I'm a maintainer of Flyte, and I encountered an issue while using mashumaro.codecs.msgpack's MessagePackDecoder and MessagePackEncoder. Specifically, the MessagePackDecoder fails to handle a certain edge case.

What I Did

from mashumaro.codecs.msgpack import MessagePackDecoder, MessagePackEncoder
from dataclasses import dataclass, field
from typing import Dict, List, Optional, Union
from enum import Enum
import msgpack

def _default_msgpack_decoder(data: bytes) -> Any:
    return msgpack.unpackb(data, raw=False, strict_map_key=False)

@dataclass
class InnerDC:
    max_depth: int = 10
    max_features: str = "sqrt"
    n_estimators: int = 100

@dataclass
class DC:
    grid: Dict[str, List[Optional[InnerDC]]] = field(default_factory=lambda: {
        'all_types': [InnerDC()],
    })

# Encoding works
encoder = MessagePackEncoder(DC)
msgpack_bytes = encoder.encode(DC())

# Decoding works
decoder = MessagePackDecoder(DC, pre_decoder_func=_default_msgpack_decoder)
python_val = decoder.decode(msgpack_bytes)
assert python_val == DC()

# Another test with Enum
class Status(Enum):
    PENDING = "pending"
    APPROVED = "approved"
    REJECTED = "rejected"

@dataclass
class DC:
    grid: Dict[str, List[Optional[Union[int, str, float, bool, Status, InnerDC]]]] = field(default_factory=lambda: {
        'all_types': [InnerDC()],
    })

encoder = MessagePackEncoder(DC)
msgpack_bytes = encoder.encode(DC())

# Decoding fails
decoder = MessagePackDecoder(DC, pre_decoder_func=_default_msgpack_decoder)
python_val = decoder.decode(msgpack_bytes)
print(python_val)
assert python_val == DC()

In both cases, encoding works, but decoding with MessagePackDecoder fails.

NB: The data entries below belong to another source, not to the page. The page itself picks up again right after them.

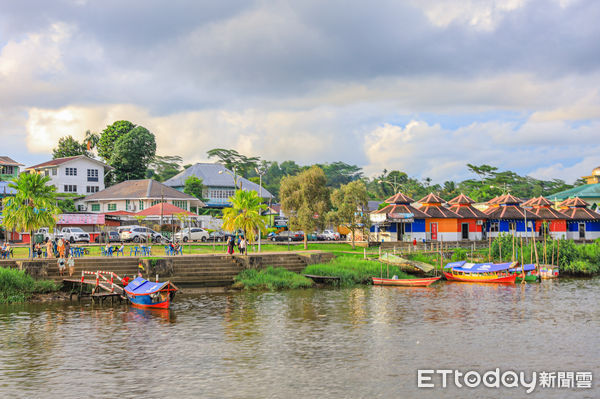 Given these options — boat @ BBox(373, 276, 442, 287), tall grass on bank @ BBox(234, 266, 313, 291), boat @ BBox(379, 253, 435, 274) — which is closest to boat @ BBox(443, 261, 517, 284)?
boat @ BBox(379, 253, 435, 274)


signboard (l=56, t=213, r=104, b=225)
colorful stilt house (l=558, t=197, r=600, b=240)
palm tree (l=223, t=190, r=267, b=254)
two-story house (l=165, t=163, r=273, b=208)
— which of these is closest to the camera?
palm tree (l=223, t=190, r=267, b=254)

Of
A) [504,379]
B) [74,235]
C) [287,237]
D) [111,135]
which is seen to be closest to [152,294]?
[504,379]

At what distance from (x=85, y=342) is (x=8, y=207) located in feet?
57.5

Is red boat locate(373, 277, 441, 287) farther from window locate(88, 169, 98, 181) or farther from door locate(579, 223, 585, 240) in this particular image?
window locate(88, 169, 98, 181)

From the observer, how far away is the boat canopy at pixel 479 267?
47206 mm

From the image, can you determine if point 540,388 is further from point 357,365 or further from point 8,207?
point 8,207

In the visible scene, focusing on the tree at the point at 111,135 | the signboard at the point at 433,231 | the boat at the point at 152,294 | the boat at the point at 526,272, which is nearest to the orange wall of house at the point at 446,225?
the signboard at the point at 433,231

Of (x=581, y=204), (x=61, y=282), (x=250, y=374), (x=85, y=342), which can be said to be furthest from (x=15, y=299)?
(x=581, y=204)

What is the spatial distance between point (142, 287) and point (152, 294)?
4.55ft

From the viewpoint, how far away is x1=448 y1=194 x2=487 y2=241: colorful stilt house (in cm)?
6706

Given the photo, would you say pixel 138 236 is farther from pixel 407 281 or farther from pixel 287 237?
pixel 407 281

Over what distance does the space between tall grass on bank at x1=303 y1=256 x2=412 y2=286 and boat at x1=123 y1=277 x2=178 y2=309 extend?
1384 cm

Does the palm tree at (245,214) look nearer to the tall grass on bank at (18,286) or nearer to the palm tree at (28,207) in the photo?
the palm tree at (28,207)

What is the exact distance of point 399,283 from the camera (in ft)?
145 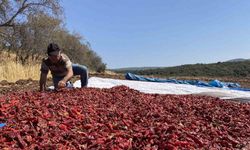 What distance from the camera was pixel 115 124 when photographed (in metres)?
4.61

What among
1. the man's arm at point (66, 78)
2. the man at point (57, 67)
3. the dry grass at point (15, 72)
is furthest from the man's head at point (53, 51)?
the dry grass at point (15, 72)

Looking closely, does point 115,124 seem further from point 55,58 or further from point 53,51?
point 55,58

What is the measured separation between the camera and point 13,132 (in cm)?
393

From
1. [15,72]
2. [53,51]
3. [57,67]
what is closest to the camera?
[53,51]

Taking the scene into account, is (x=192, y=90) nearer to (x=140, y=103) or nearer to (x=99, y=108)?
(x=140, y=103)

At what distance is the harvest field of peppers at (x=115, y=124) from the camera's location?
12.7 feet

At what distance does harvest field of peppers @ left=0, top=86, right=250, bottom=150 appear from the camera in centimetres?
386

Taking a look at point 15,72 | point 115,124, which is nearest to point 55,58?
point 115,124

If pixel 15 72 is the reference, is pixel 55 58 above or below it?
above

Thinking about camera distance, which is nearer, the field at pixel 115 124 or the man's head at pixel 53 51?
the field at pixel 115 124

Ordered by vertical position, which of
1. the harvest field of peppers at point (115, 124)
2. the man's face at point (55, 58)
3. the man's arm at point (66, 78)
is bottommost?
the harvest field of peppers at point (115, 124)

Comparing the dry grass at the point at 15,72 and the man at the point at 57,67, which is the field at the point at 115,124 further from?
the dry grass at the point at 15,72

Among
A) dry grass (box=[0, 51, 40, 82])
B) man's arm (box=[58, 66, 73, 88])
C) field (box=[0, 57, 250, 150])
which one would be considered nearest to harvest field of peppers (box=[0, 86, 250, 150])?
field (box=[0, 57, 250, 150])

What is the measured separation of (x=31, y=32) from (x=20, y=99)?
24602 millimetres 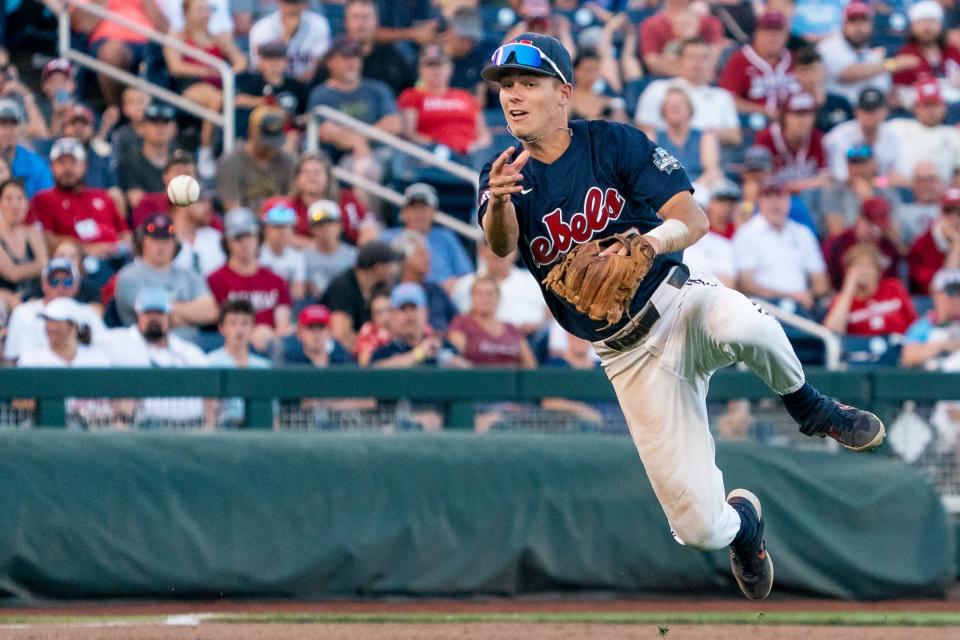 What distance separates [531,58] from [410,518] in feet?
12.5

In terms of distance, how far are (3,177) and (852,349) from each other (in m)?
5.84

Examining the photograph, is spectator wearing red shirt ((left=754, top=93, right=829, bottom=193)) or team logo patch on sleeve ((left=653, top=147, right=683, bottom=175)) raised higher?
spectator wearing red shirt ((left=754, top=93, right=829, bottom=193))

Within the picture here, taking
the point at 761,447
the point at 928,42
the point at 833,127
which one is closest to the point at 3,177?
the point at 761,447

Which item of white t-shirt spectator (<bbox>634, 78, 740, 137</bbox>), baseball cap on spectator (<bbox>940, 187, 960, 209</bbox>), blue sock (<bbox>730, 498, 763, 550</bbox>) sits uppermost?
white t-shirt spectator (<bbox>634, 78, 740, 137</bbox>)

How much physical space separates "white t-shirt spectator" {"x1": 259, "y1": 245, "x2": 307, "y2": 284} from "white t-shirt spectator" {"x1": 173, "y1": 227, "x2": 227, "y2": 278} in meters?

Future-Outlier commented 2 weeks ago

In summary, this is a super edge case.

@dataclass
class DC:
    grid: Dict[str, List[Optional[Union[int, str, float, bool, Status, InnerDC]]]] = field(default_factory=lambda: {
        'all_types': [InnerDC()],
    })
Future-Outlier commented 2 weeks ago

You might be interested in how mashumaro is used in bytes, so let me give you a brief concept.

encode

python val -> msgpack bytes -> protobuf literal

decode

protobuf literal -> msgpack bytes -> python val

How we create codecs? (encoder and decoder)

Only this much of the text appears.